▶ _WHAT YOU NEED TO DO_
Go to the line with "国际比赛日里昂内部沟通：葡超节点到来；球迷炸锅；赛程密集仍需轮换" in the material below and copy from there through the line with "1930s/40s Miniature Silver", exactly. Pictures are not copied.

BEGIN

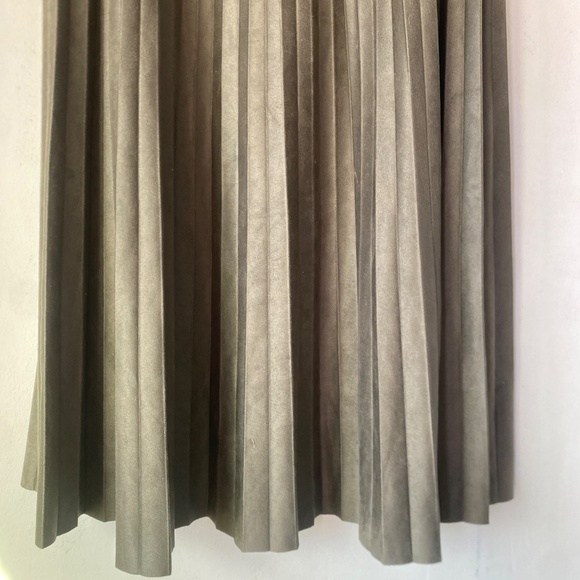 Zara XL Pleated Faux Suede Skirt - Picture 9 of 14
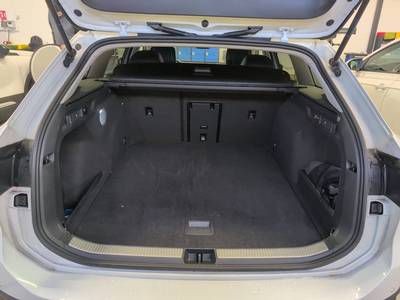 Passat Variant 2.0 TDI Business DSG (LED+NAVI+AHK+APP+ACC)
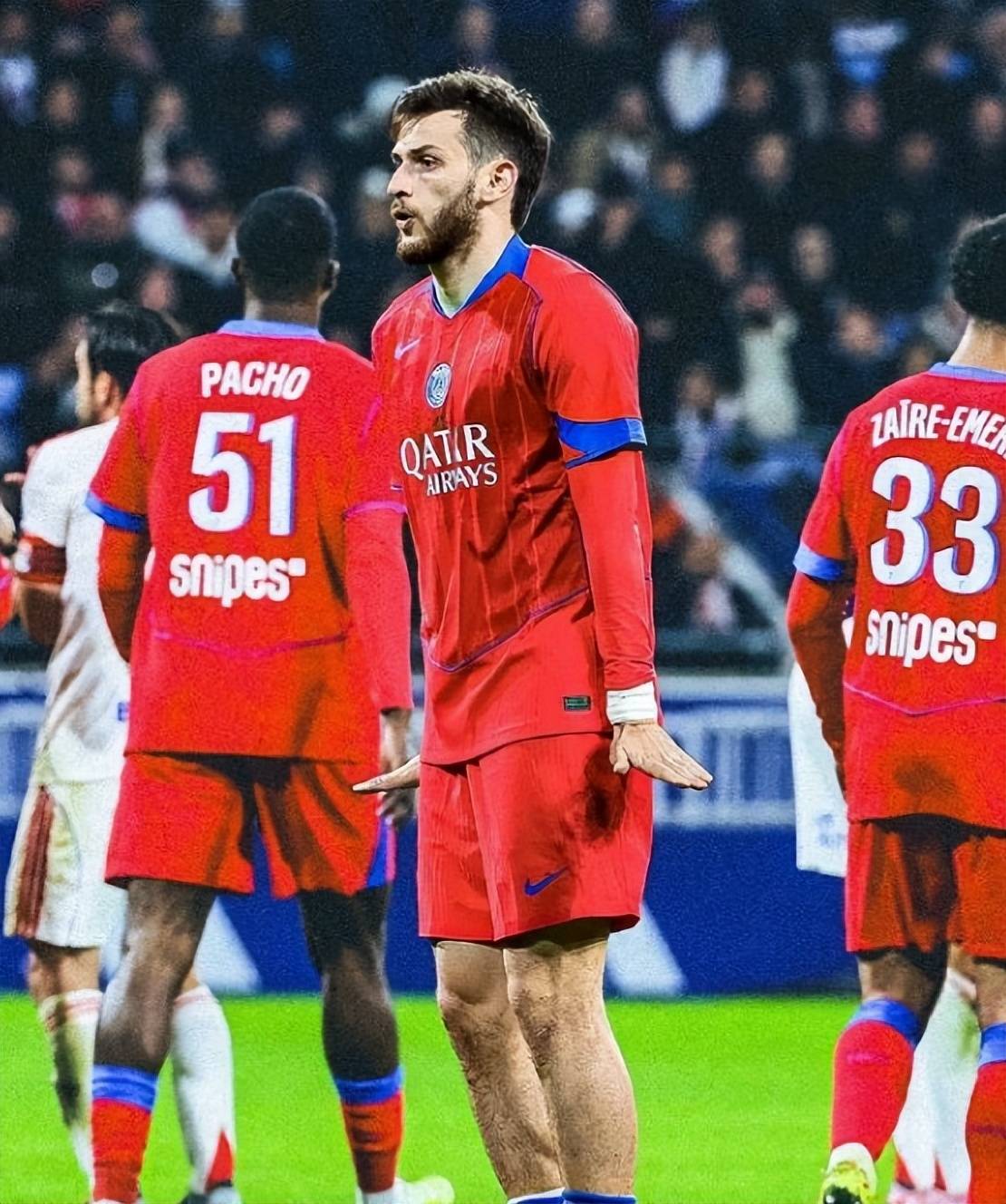  国际比赛日里昂内部沟通：葡超节点到来；球迷炸锅；赛程密集仍需轮换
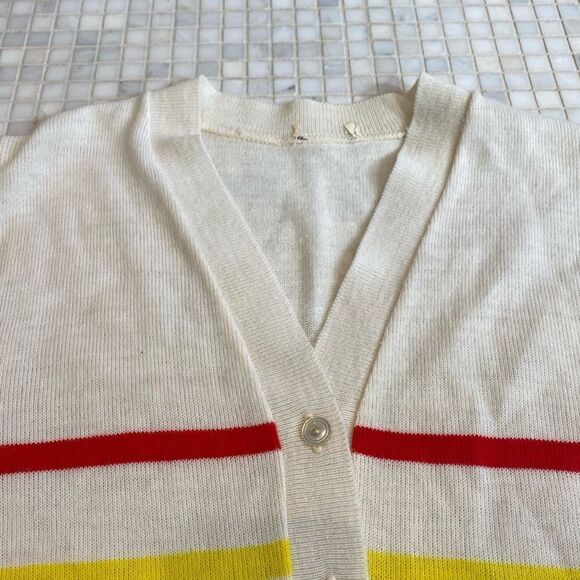 Vintage 50s 60s White Wool Button-down - Picture 2 of 13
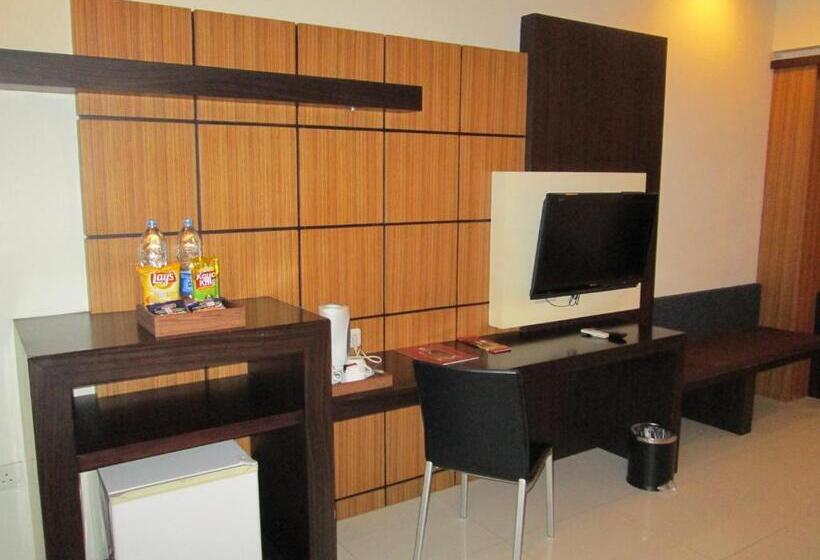 חדר דלוקס, Kini Pontianak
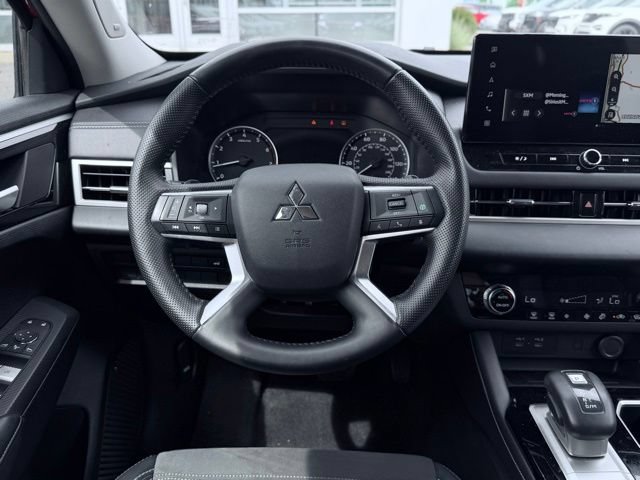Used 2025 Mitsubishi Outlander SE AWD/4WD image 29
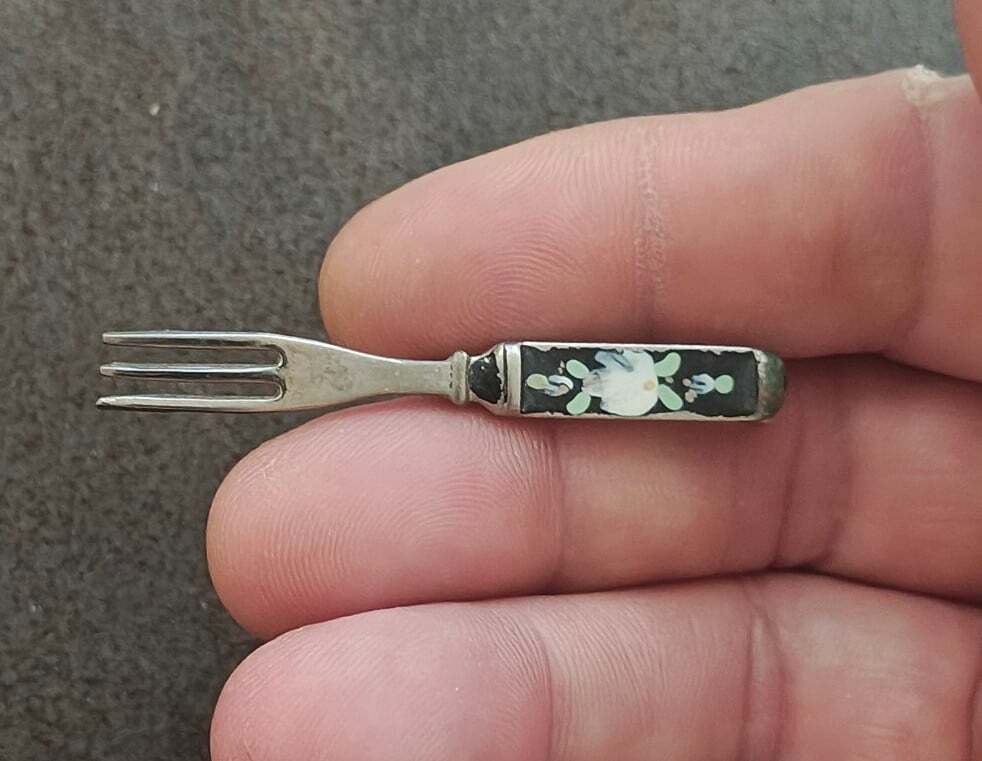 1930s/40s Miniature Silver Tone Fork With Floral Enamel Brooch Pin.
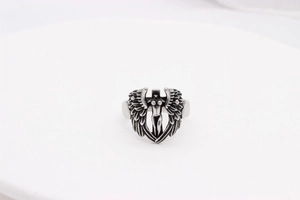 Vue détaillée d'une bague ange en argent rétro avec gravure punk gothique précise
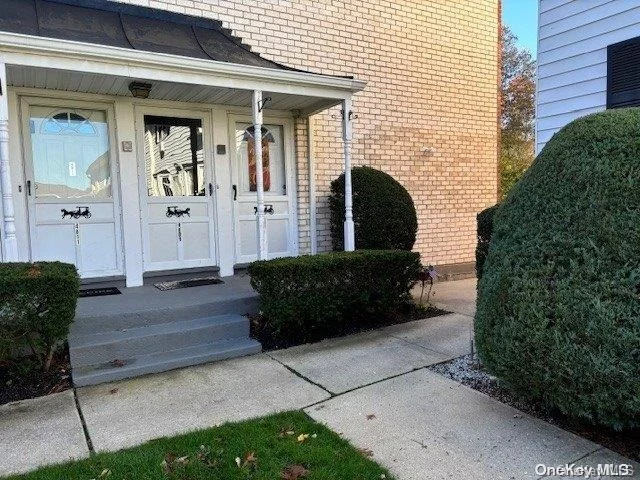 Unit for sale at 4810 Wilshire Lane, Islip, NY 11769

END

▶ _TASK ANSWER_
  国际比赛日里昂内部沟通：葡超节点到来；球迷炸锅；赛程密集仍需轮换
 Vintage 50s 60s White Wool Button-down - Picture 2 of 13
 חדר דלוקס, Kini Pontianak
Used 2025 Mitsubishi Outlander SE AWD/4WD image 29
 1930s/40s Miniature Silver Tone Fork With Floral Enamel Brooch Pin.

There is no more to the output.